There are several different types of questions that can be created in a survey.
1. Multiple Choice Format Question: This enables participants to select one choice among multiple different choices. This is also often used for Likert-type or frequency rating scales (e.g., "strongly agree" to "strongly disagree"; "not at all" to "very often").
2. Checkbox Question: This allows participants to select multiple options in their response.
3. Text Question: This allows participants to see text on a single screen. This is often used by researchers to include instructions or a "Consent Form" agreement.
This question type may also be used to capture text information from participants (e.g., qualitative text information).
Select the format of the response you would like from participants.
4. Multimedia Capture Question: This question type allows participants to provide photo, video, or voice data. Researchers often use this to capture information about the environment that participants are in, or use it to obtain lengthy audio recordings instead of having participants type responses. Researchers can choose from the dropdown of the "Input Type" to select image, video, or audio data.
5. Rating "Stars" Question: This question type enables participants to choose the number of "stars" when rating something (e.g., event, movie, restaurant, etc.). Researchers simply specify the number of stars they want the rating system to be based upon (e.g., 4 stars, 5 stars, 7 stars, etc.). Participants can give half-star ratings as well (e.g., 3.5 stars).
6. Instruction Question: As the name implies, this allows researchers to include instructions or consent form information. This is similar to "Text Question"; however, unlike "Text Question," participants aren't given the option to respond. This is a form of read-only content.
7. Dropdown Question: The dropdown question enables participants to view and choose one option from a long list of options (e.g., countries, age in years, etc.) from a dropdown options box.
8. Branching Forced Choice Question: This is a more complicated question type; it allows researchers to enable forced choice responses in a two-step process.
Step 1. Have participants choose between two statements, such as "I enjoy meeting new people" and "I dislike meeting new people."
Step 2. The statement chosen (e.g., "I enjoy meeting new people") will be presented along with the options "Always" or "Usually."

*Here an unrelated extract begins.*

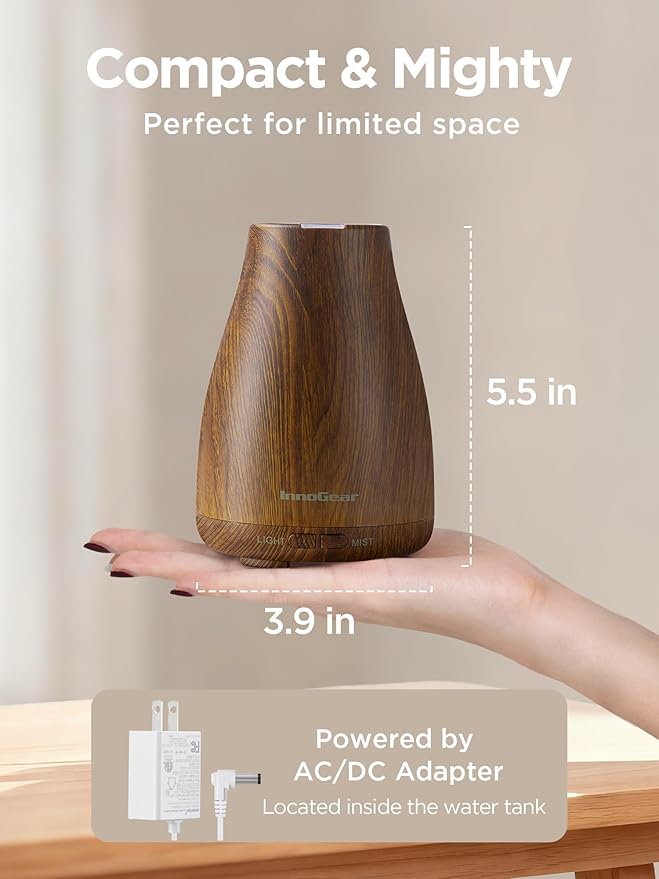 InnoGear Essential Oil Diffuser, Ultrasonic Diffusers for Home Aromatherapy Humidifier for Bedroom Room 7 Colors LED 2 Mist Mode Auto Off, Bronze - Bloomnest
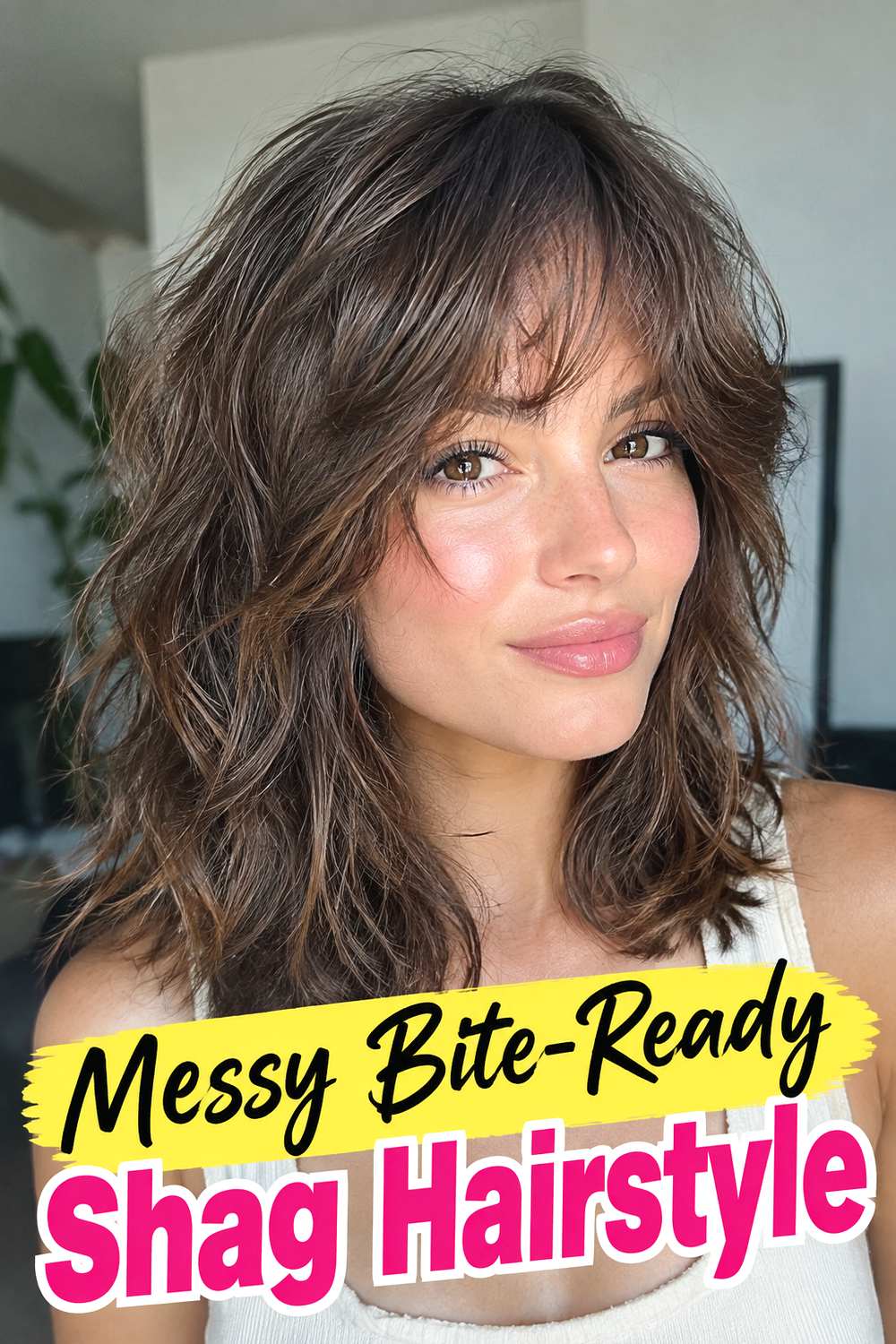 Messy Bite-Ready Shag Hairstyle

This can be changed to compare two different attributes among participants. For example, choose between "I am kind" and "I am a team player." Further gradation can be made on the specific attribute.
9. Counter Question: This provides a way for researchers to capture behavioral occurrences within a specific time period. For example, how often you give your child an instruction and how many times they obey, sampled in a 5-minute window.
Within the mobile app, participants will be able to use the "+" button to toggle the number of times the behaviors occurred. The example depicts the choices "Gave instruction" and "Child obeyed." In this case, a participant gave instruction 4 times and the child obeyed 1 time. This is displayed in the numbers in the parentheses.